** Opening RECORDS FOR THE TASK block **
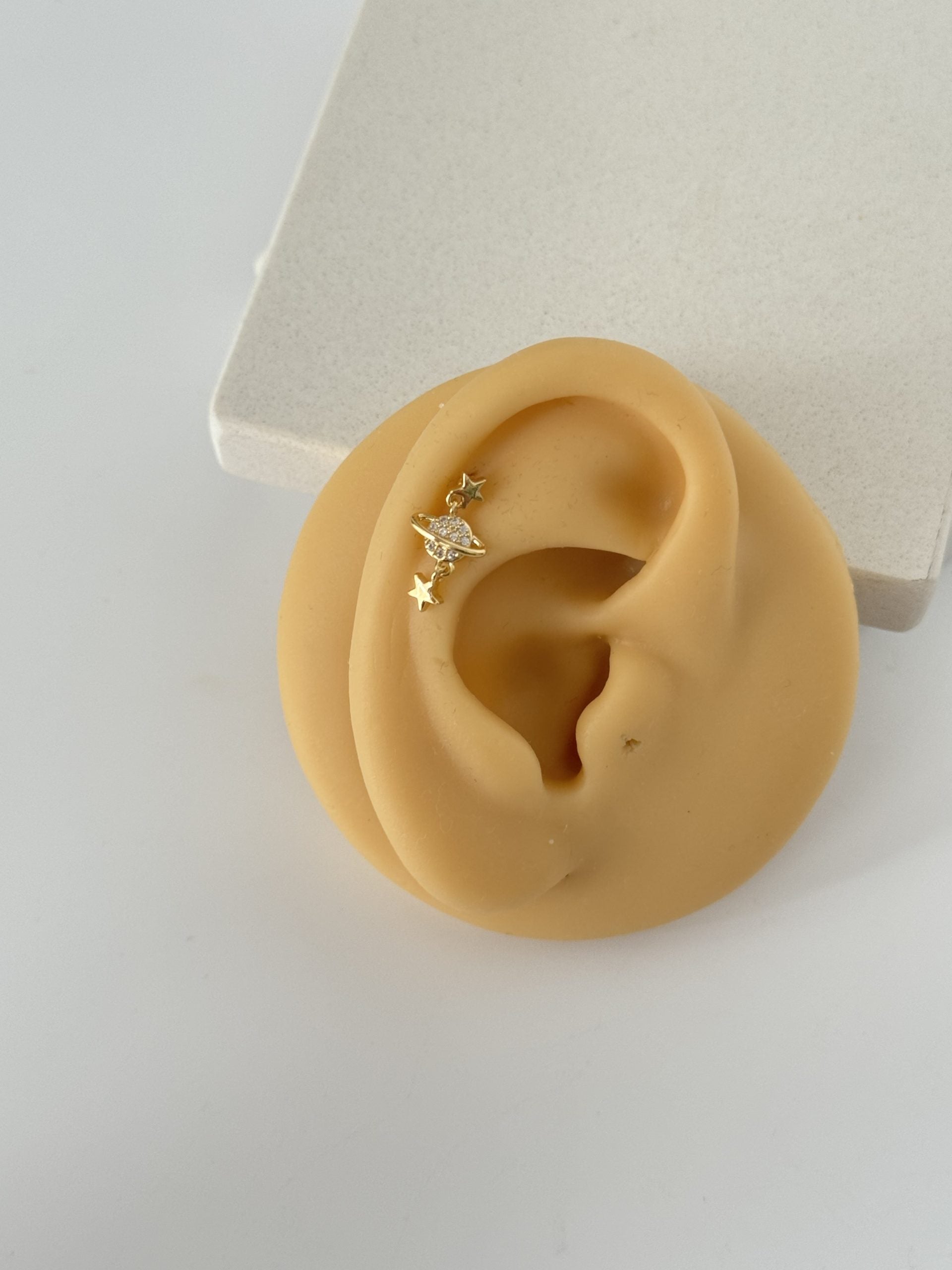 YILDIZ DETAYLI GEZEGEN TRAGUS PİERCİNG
** Closing RECORDS FOR THE TASK block **
** Opening RECORDS FOR THE TASK block **
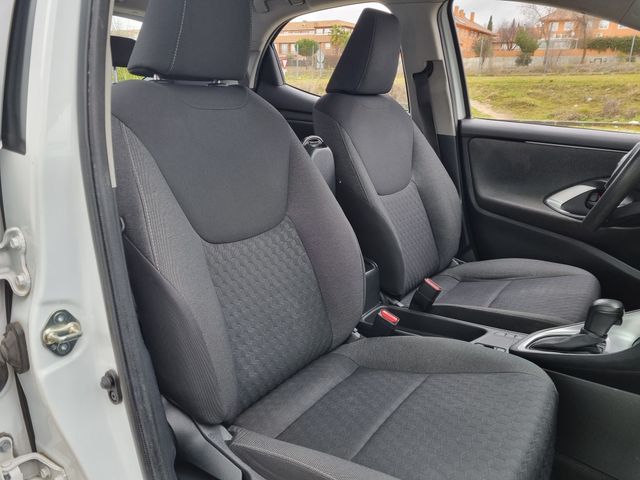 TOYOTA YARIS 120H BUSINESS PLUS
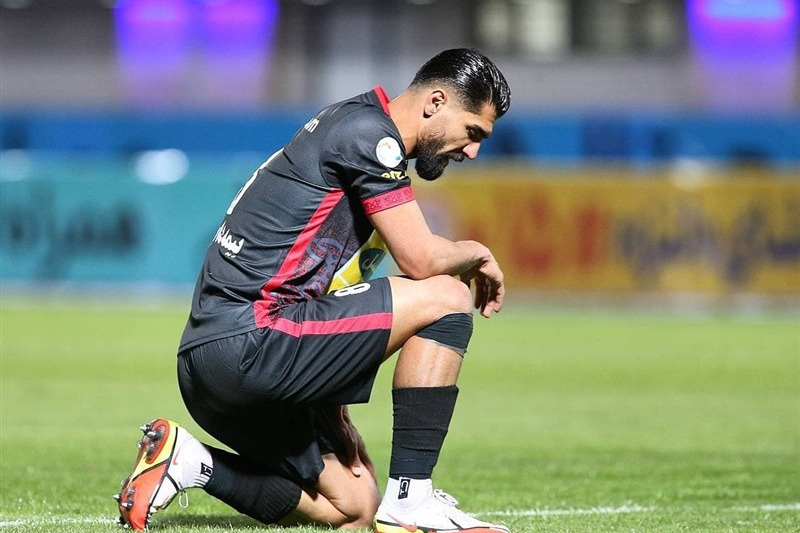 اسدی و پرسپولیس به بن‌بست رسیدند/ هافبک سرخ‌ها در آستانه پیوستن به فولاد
** Closing RECORDS FOR THE TASK block **
The stretch to restate runs from the line above containing "TOYOTA YARIS 120H BUSINESS PLUS" through the line containing "اسدی و پرسپولیس". Copy it word for word, ends included, without pictures.

### EXERCISE SOLUTION
 TOYOTA YARIS 120H BUSINESS PLUS
 اسدی و پرسپولیس به بن‌بست رسیدند/ هافبک سرخ‌ها در آستانه پیوستن به فولاد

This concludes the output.